Eggs bad, eggs good. Now the latest reckoning is correlation, yes. Causation, maybe not.
And what's the practical thing? All right, we'll use Cuomo as a guinea pig. I have high cholesterol. I think I have it genetically. It definitely has been getting higher as I've been getting older. Do I have a great diet? No. Is my diet better than most people's? Yes.

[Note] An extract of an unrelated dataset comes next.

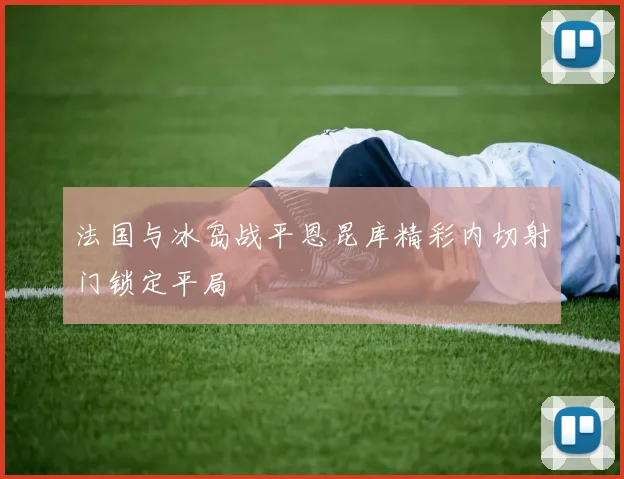 法国与冰岛战平恩昆库精彩内切射门锁定平局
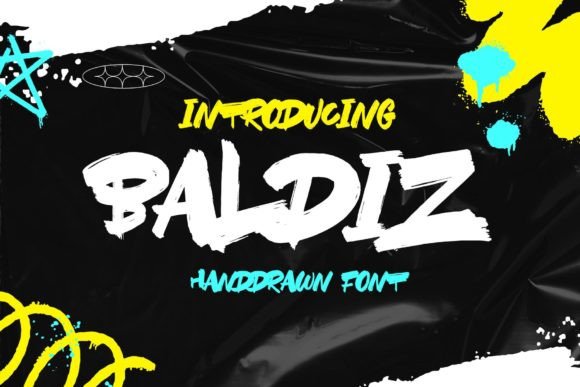 Baldiz: The Premium Display Font for Memorable Brand Identity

Um, so my doctor, my father died of heart disease. He had this weird heart disease, um, called amyloidosis, uh, protein getting dumped into
his heart.
Doc knows all this, but for you at home, um, it was really weird.
There was no treatment.
It was really sad and it became oxygen deprivation for all the different systems in his body.
And he eventually died, not genetic, but they wanted me to get checked out after I became
50.
So they look at my heart. I'm
a beast. And they say, you know, you're over 50. So there's a little bit of soft plaque and some
of those things, but it's not hardened plaque yet. You got the high cholesterol. Your calcium score
is zero, which is where they're looking for the hard stuff. And so I'm good on that. But soft
becomes hard, right? And they said, so it's time for a statin.
We've been giving you all this rope for years about the,
let me come back in six months and let's see how it is.
And your cholesterol never really comes down.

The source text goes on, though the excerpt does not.